Les données épidémiologiques des pays développés révèlent que sur une année, la moitié de la population pédiatrique a recours à une large gamme de médicaments et principalement chez les jeunes enfants (59–61).

En pédiatrie, 18% à 60% des médicaments prescrits à l’hôpital sont utilisés en dehors des indications figurant sur l’Autorisation de Mise sur le Marché (AMM) et jusqu’à 48% d’entre eux sont contre-indiqués en pédiatrie (62). Par ailleurs, cette proportion est plus importante chez les patients prématurés (93% de prescriptions hors AMM dans les unités de réanimation néonatale), les nouveaux nés et les enfants de moins de deux ans (62). Ainsi, le taux de prescriptions de médicaments hors AMM et/ou non autorisés conduisant au moins à un effet indésirable médicamenteux peut atteindre 23% à 60% (4,5), l'incidence des effets indésirables chez l’enfant hospitalisé varie de 9 à 16% et la fréquence des hospitalisations pour effets indésirables est d’environ 1,8% (63).
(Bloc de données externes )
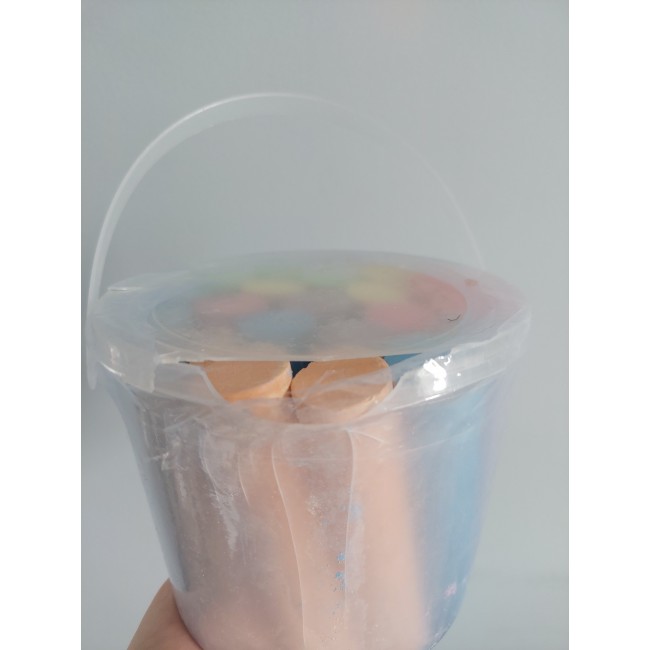 OUTLET Kredy Jumbo Apli Kids - 20 sztuk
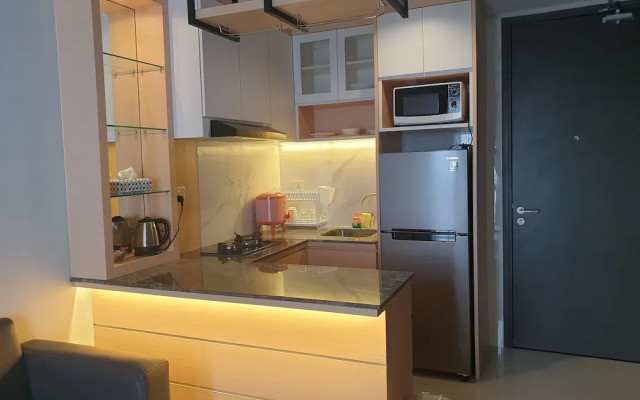 CozyHomes at One Residence Batam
Les médicaments utilisés en pédiatrie peuvent entrainer des erreurs médicamenteuses à différentes étapes du circuit du médicament (depuis la prescription jusqu’à l’administration) (6). Par exemple, des erreurs de calcul ou de dosage conduisent à des surdosages multipliant par dix la dose prescrite chez les enfants et ce, plus particulièrement, chez les nouveau-nés (64,65).

Parmi l’ensemble des médicaments prescrits aux enfants, les antibiotiques sont les plus fréquemment utilisés (66). Une étude pilote réalisée au CHU de Sainte Justine à Montréal a en effet montré qu’environ 45% des enfants hospitalisés étaient admis pour une maladie infectieuse, et que parmi les interventions pharmaceutiques réalisées en unités de soins, 35,7% des cas concernaient les anti-infectieux et étaient dus soit à des défauts de suivi biologique, soit à des erreurs de posologie entrainant des sur ou des sous-dosages (66).